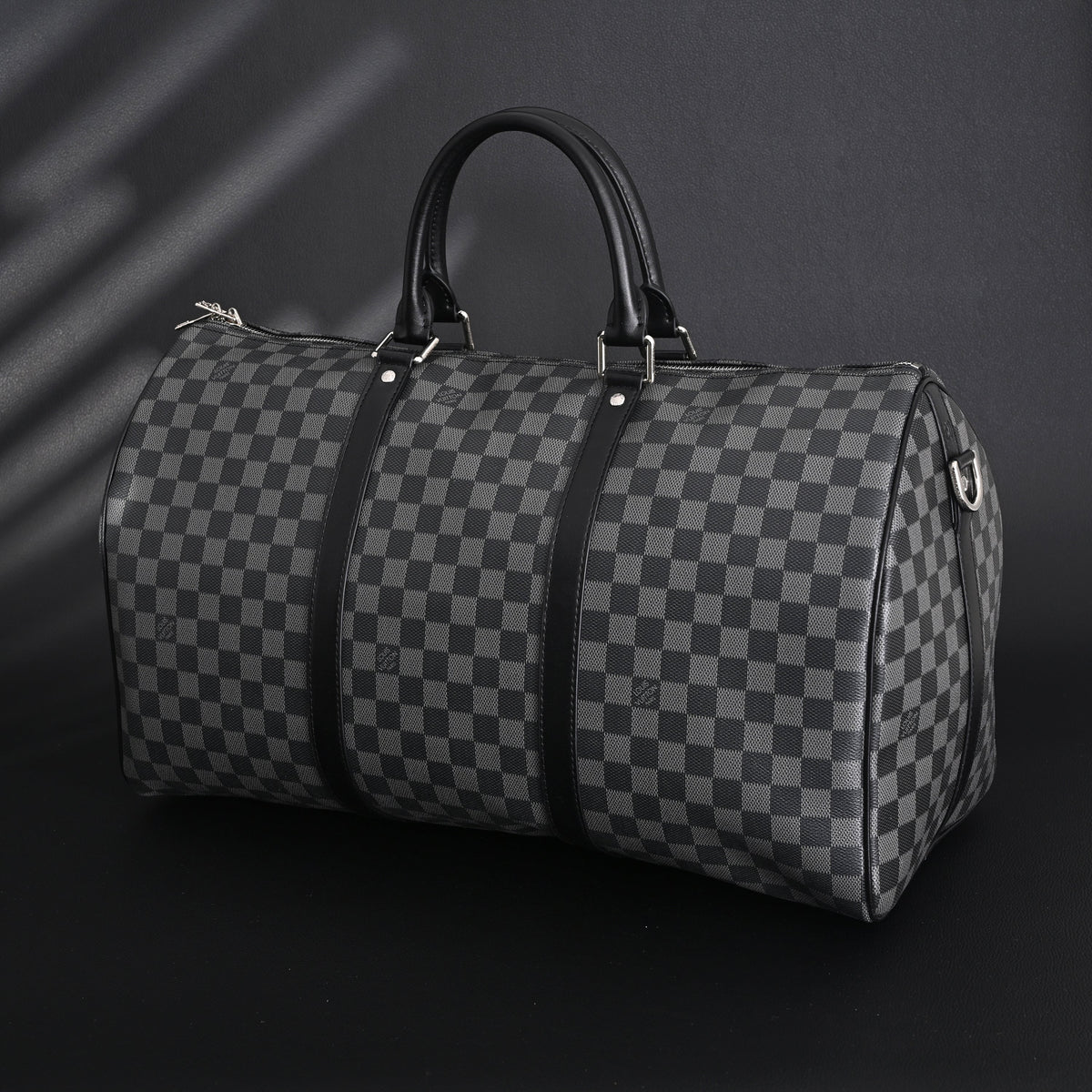 Louis Vuitton Keepall Bandoulière 45 Damier Graphite Canvas Travel Bag — view 13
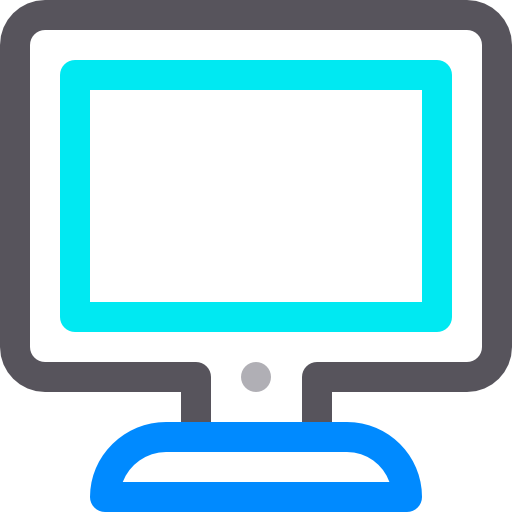 テレビ Basic Rounded Lineal Color icon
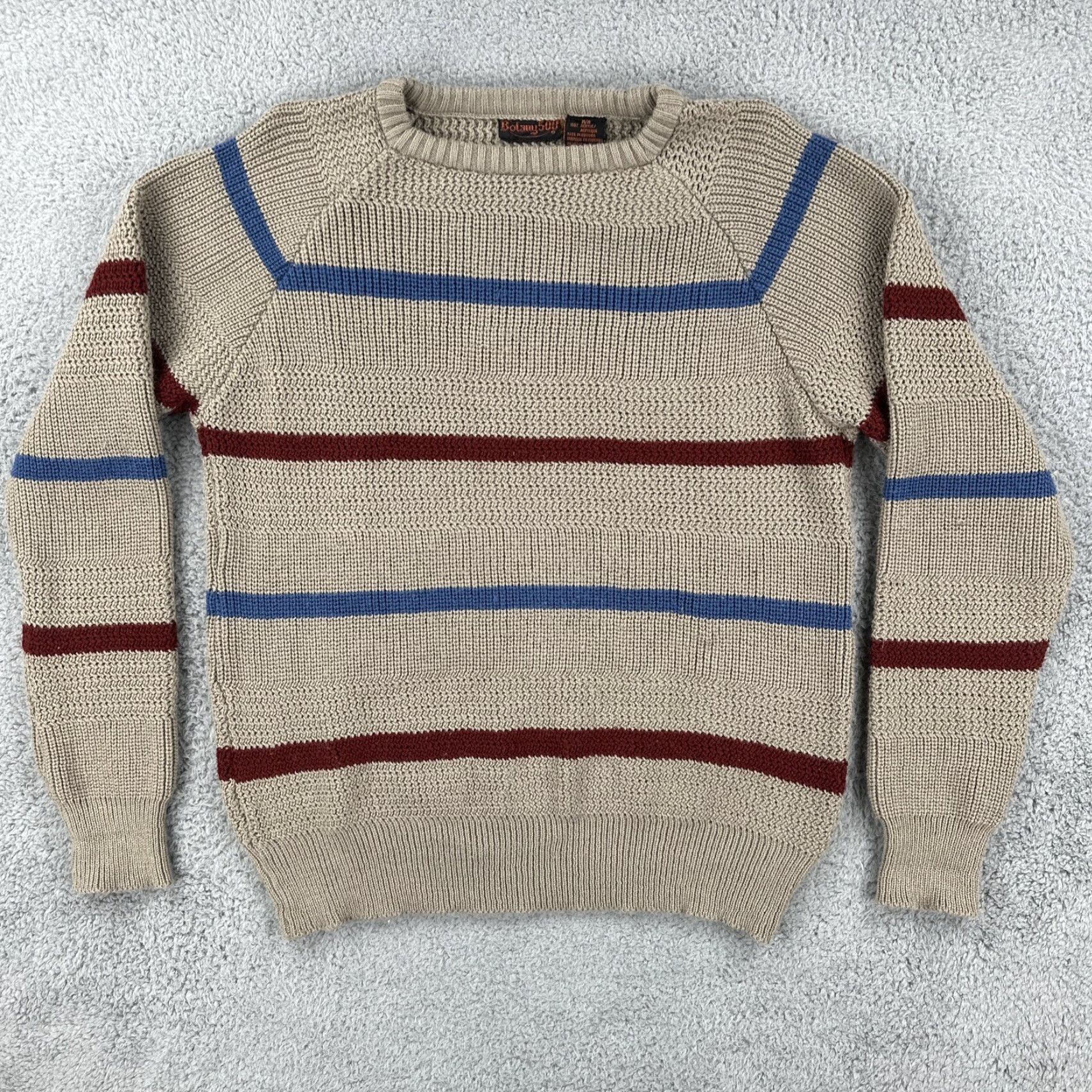 Vintage VINTAGE Botany 500 Mens Size Medium 90s Pullover Striped Acrylic Sweater Grandpa Size US M / EU 48-50 / 2 - 2 Thumbnail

## YOUR ASSIGNMENT
Starting with the line that holds "テレビ Basic Rounded Lineal Color icon", reproduce exactly each line up to and including the last line of the material above, and drop the pictures.

## EXERCISE ANSWER
 テレビ Basic Rounded Lineal Color icon
 Vintage VINTAGE Botany 500 Mens Size Medium 90s Pullover Striped Acrylic Sweater Grandpa Size US M / EU 48-50 / 2 - 2 Thumbnail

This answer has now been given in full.